Bhutan, a kingdom in the Eastern Himalayas, is living in self-imposed isolation: in order to preserve local culture, traditions and the environment, foreigners can enter in groups and in limited number only. Consequently, our geoscientific knowledge is very limited compared to other parts of the orogen. The first geological map was compiled in 1983 by the famous Swiss geologist Augusto Gansser. From a geophysical perspective, Bhutan is almost a blank spot: only very limited information exists on seismicity which shows a lower level of earthquake activity compared to other parts of the Himalayas, and there is knowledge neither of the structure nor of the physical properties of the crust and the lithosphere. Illuminating the deep structure of Bhutan and comparing it with the much better known Central Himalayas of Nepal is highly relevant both for evaluating the earthquake hazard and for improving our geodynamic picture of this classical collisional orogen.

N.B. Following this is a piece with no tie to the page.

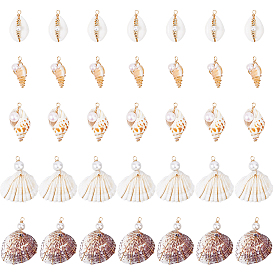 35 шт. 5 стили подвески из натуральной смешанной медной проволоки, подвески из ракушек с ракушечным жемчугом, золотые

In this project will conduct a temporary seismic experiment in Bhutan. Two densely spaced profiles across the orogen will allow us to produce the first, direct and high quality images of the structure of the lithosphere in the Eastern Himalayas, as well as give an insight into lateral variations along the mountain belt. Together with further stations that we will deploy throughout the country, our network will provide reliable information on seismicity in Bhutan and establish the first seismic velocity model of the crust. Furthermore, we will apply ambient noise tomography to map the physical properties of the lithosphere. The results will be interpreted jointly with gravity data (which we have already acquired) to build physical models of the Eastern Himalayas as well as to draw conclusions on its geodynamics. Especially, seismotectonic studies that we plan to conduct by comparing different segments of the Himalayas may shed light on the origin of the apparent seismic gap in Bhutan.
Augusto Gansser, “Geology Father of the Himalayas” and first geological mapmaker of Bhutan, has passed away earlier this year (2012), at the age of 101. We would like to dedicate this experiment to his memory.